E, scema lei, diventano sceme anche tutte le altre.
La più scema decide che tu sei grassa, e tutte le sceme decidono all’unanimità che tu sei effettivamente grassa.
E la cosa assurda è che te lo gridano dietro anche quelle che pesano ottanta chili a sei anni.
Te lo rinfaccia anche chi dovrebbe (in realtà no, ma passatemi lo sfogo) essere al posto tuo.
Una roba assurda.
E non sai come uscirne.
La cattiveria, soprattutto a titolo gratuito, è qualcosa di veramente orribile.
È qualcosa che ti resta dentro, che ti lascia il segno, che ti divora come un cancro e con la quale farai i conti per tutta la vita.
È qualcosa che, inconsapevolmente ma inevitabilmente, influirà sul tuo modo di essere, sul tuo modo di porti nei confronti degli altri, sul tuo modo di interagire con il resto del mondo e, soprattutto, influirà molto sulla tua fiducia verso il prossimo.
Credo di essere stata sottoposta, nel corso degli anni, alle più svariate forme di umiliazione: dalle comuni e scontate prese in giro sull’aspetto fisico, alle offese insensate in risposta a qualsiasi cosa io dicessi, fino ad arrivare al danneggiamento materiale di eventuali oggetti di appartenenza mia o della mia famiglia.
Vessazioni senza fine.
Un buco nero.
E sono profondamente convinta che tutti coloro che hanno fatto di me il loro oggetto di scherno, in questo momento facciano parte del mio folto seguito sul blog, su Instagram e sulla mia pagina Facebook. Anzi, lo so per certo, perché li vedo.
Io, in questo momento, con il coltello dalla parte del manico, potrei fare di loro dei fantocci da disintegrare, scrivendo nomi e cognomi e lasciando che la vergogna cali sulle loro teste.
Ma non lo faccio, per due motivi: il primo, e fondamentale, perché mi reputo estremamente più intelligente di chi si diverte a giocare con i sentimenti altrui e, secondo, perché sono nettamente convinta che avranno comunque modo di vergognarsi ed arrossire leggendo questo post, sapendo perfettamente che mi sto riferendo a loro.
Sì, esimia testa di cazzo, ce l’ho con te.
No, non mi confondo, ce l’ho proprio con te.
E con te.
E anche con te.
Mi ricorderò di voi, delle vostre facce di culo e delle vostre vocine stridule finchè camperò.
E non vi perdonerò. Mai!
Ma vi ringrazio.
Perché mi avete resa la persona che sono.

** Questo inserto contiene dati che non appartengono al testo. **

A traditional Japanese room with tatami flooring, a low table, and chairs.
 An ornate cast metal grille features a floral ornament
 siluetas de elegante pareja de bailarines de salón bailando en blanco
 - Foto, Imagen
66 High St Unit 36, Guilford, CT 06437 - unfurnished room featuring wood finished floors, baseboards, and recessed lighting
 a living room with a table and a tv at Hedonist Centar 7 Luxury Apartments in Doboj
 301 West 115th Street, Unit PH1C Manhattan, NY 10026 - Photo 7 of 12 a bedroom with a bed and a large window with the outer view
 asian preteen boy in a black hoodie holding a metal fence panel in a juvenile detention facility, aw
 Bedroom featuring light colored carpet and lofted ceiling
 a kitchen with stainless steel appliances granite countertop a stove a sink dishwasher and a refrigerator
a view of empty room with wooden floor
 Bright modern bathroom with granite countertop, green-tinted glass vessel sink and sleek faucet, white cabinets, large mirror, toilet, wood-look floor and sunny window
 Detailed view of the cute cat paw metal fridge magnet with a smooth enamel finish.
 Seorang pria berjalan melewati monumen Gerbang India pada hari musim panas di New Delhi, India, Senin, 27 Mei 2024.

Perché avete temprato il mio carattere, mi avete rafforzata, avete indurito la mia corazza ed ammorbidito il mio cuore rendendolo pregno di amore verso chi se lo merita.
Ad ogni vostro schiaffo verbale, è vero, cadevo.
Lo ammetto, mi avete profondamente ferita.
Ma mi rialzavo, pronta ad incassare il successivo.
Come su un ring.
E, ora che sono una persona adulta, un’innamoratissima moglie, un’emozionatissima mamma ed una persona nuova, vi dico grazie.
Grazie, perché mentre voi eravate impegnati a distruggere la mia autostima, io ero doppiamente impegnata a ricostruirmela.
Per cui, mentre voi ora arrancate impantanati in una vita mediocre dalla quale non sapete come emergere, io mi godo la mia felicità.
E non c’è bullo che tenga.
La vera felicità, cari miei, non c’è bullo che sia in grado d’intaccarla.
È più difficile da estirpare dell’erba cattiva.
Per l’erba cattiva, invece, per quanto estesa ed ostica possa essere, basta giusto un po’ di diserbante.